To achieve that, Anodol works with light as his primary medium. Light has the capacity to render virtually any solid subject intangible under the right perceptual conditions, and through his many projection mapping projects he uses light specifically to transform static, 2D, surfaces into dynamic objects that oscillate continually between the substantive to the ephemeral and back again. Indeed, the Light + Space movement of the 1970s turns out to be a key inspiration for the artist, and hints of James Turrell appear in his “Cube” and Dan Flavin in “Dim.” But Anadol is also interested in taking their ideas much further by employing contemporary technology. In some cases he’ll project onto the side of a building or in other cases he’ll project onto photographic prints that he has designed himself. Yet in each case, it’s the way in which he combines these elements that gives the work its grace. Subtle movements of lights, carefully describing pre-printed lines, shapes and forms, creates new images that ebb and flow, which in turn creates a new “reading” of the object and the space it inhabits. More importantly, the result is transcendent.
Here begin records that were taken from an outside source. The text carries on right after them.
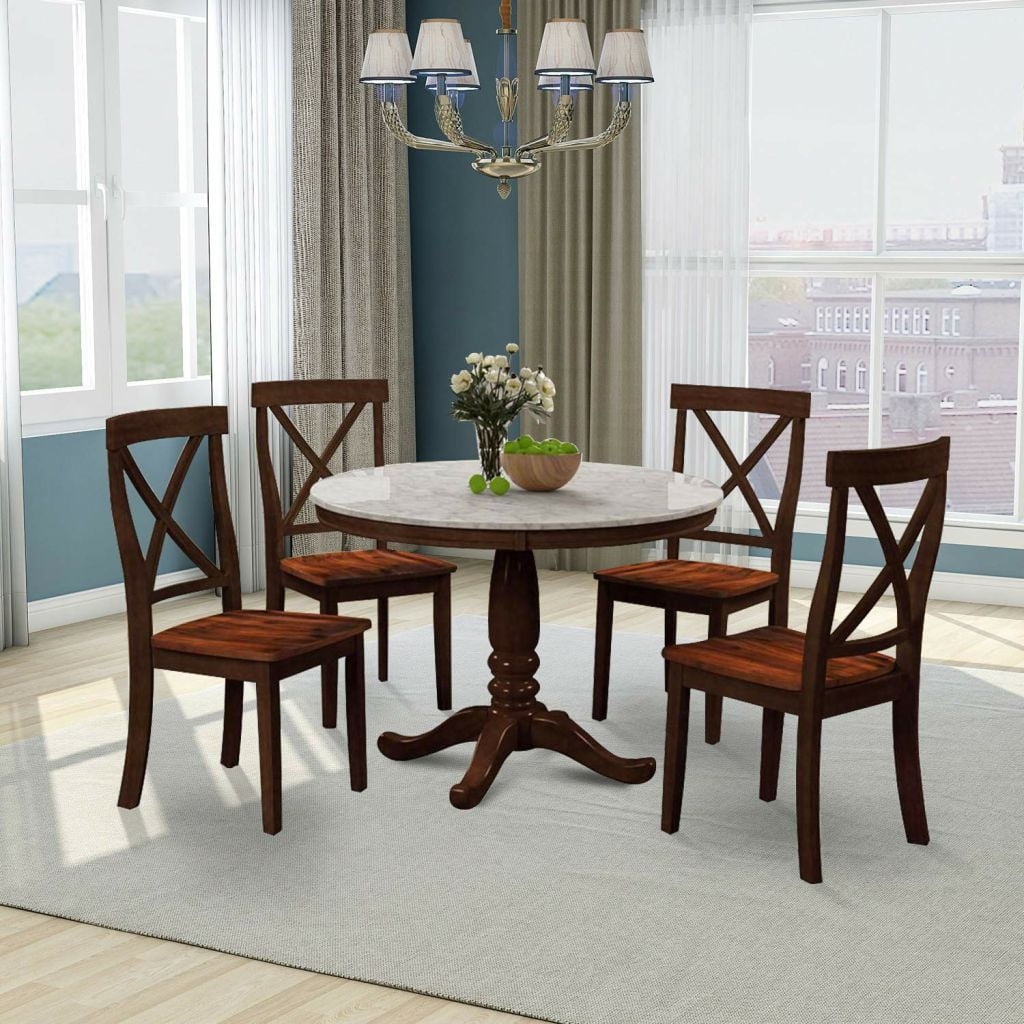 5 Pieces Retro Dining Table And Chairs Set For 4 Persons, Round Solid ... for Beyond the Surface A Deep Dive into the Materials and Design of Dining Sets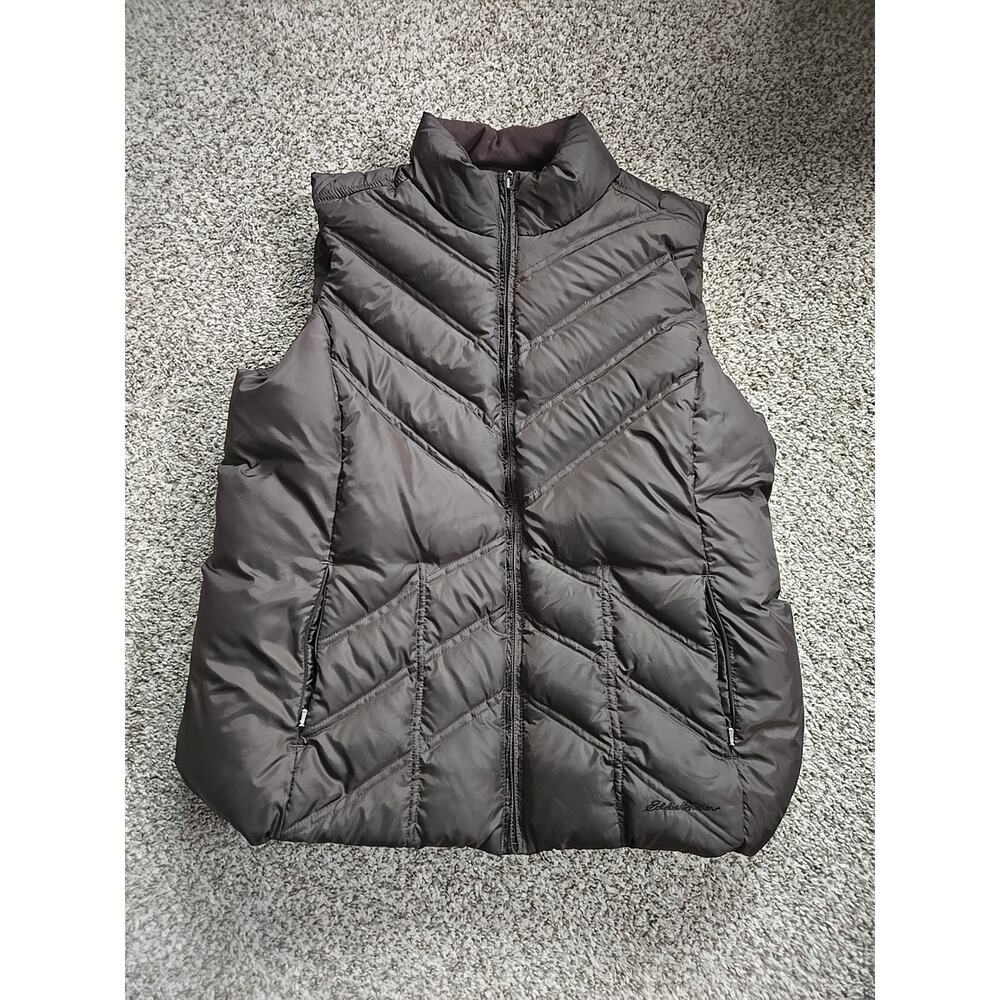 EDDIE BAUER Premium Goose Down Women's Packable Vest XL Chevron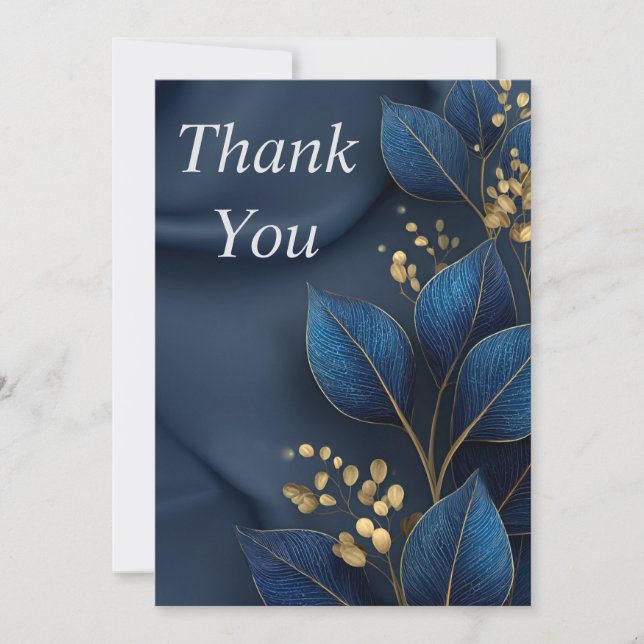 Convite Blue & Gold Leaves on Navy Blue Thank You Card (Frente)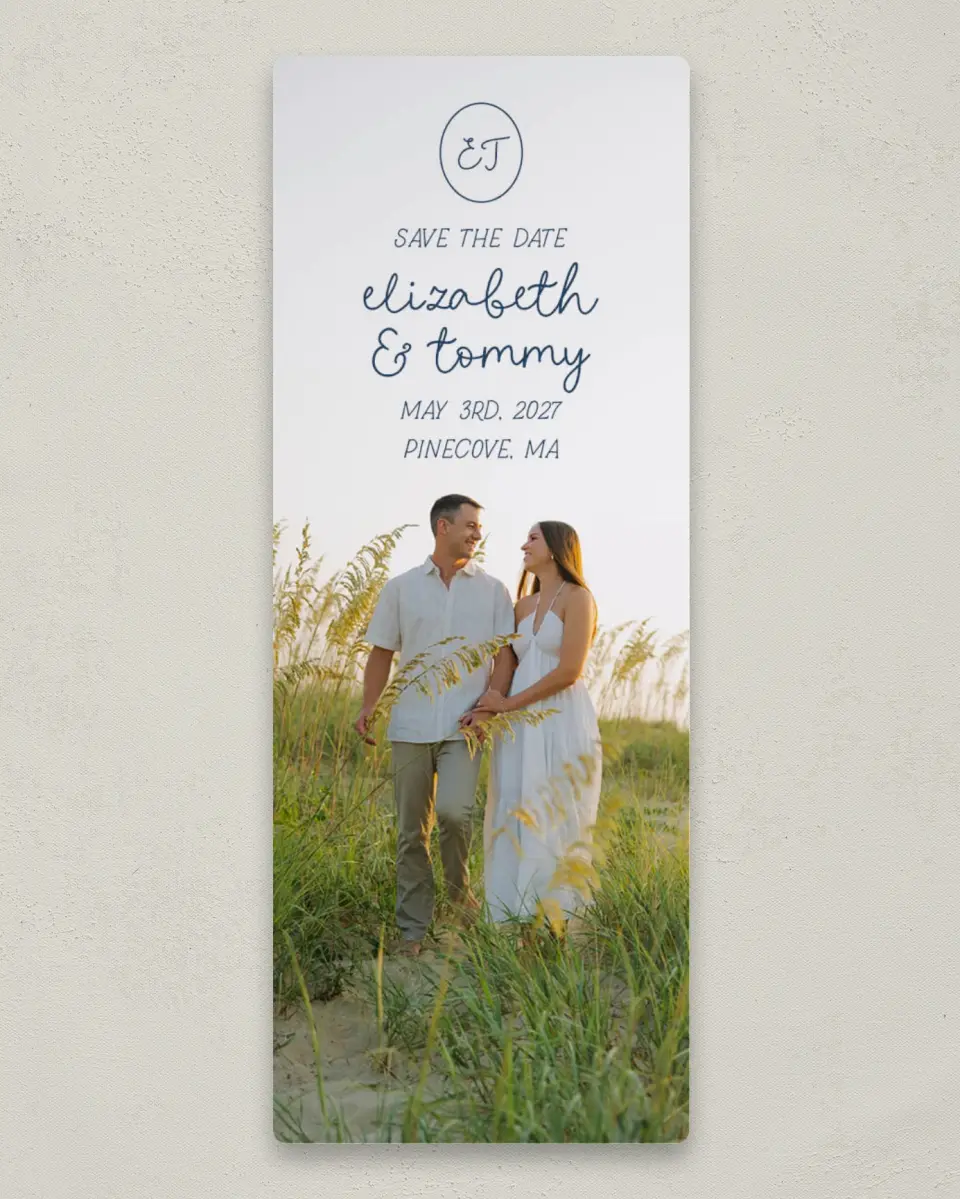 This is a 2¼" x 5⅞" Save the Date Magnet called Love Endures printed in full color with a Luxe Satin finish
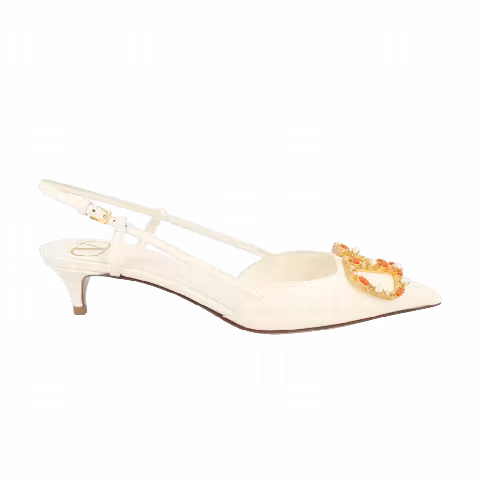Valentino Garavani Wmns Beaded Vlogo Slingback Kitten Heels 'Ivory'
In the words of the artist: “The blur and interconnection between the boundaries—between the two realms actual/fictional and physical/virtual—signifies the threshold between the simulacrum space created by the projection technology, and the physical space where the viewer stands. This exhibition discusses the inherent spatial qualities of augmented spaces and their effect on the embodied person. Through the presented framework, the works intends to question the relativity of perception and how it informs the apprehension of our surroundings. Rather than approaching the medium as a means of escape into some disembodied techno-utopian fantasy, exhibition sees itself as a means of return, i.e. facilitating a temporary release from our habitual perceptions and culturally biased assumptions about being in the world, to enable us, however momentarily, to perceive ourselves and the world around us freshly.”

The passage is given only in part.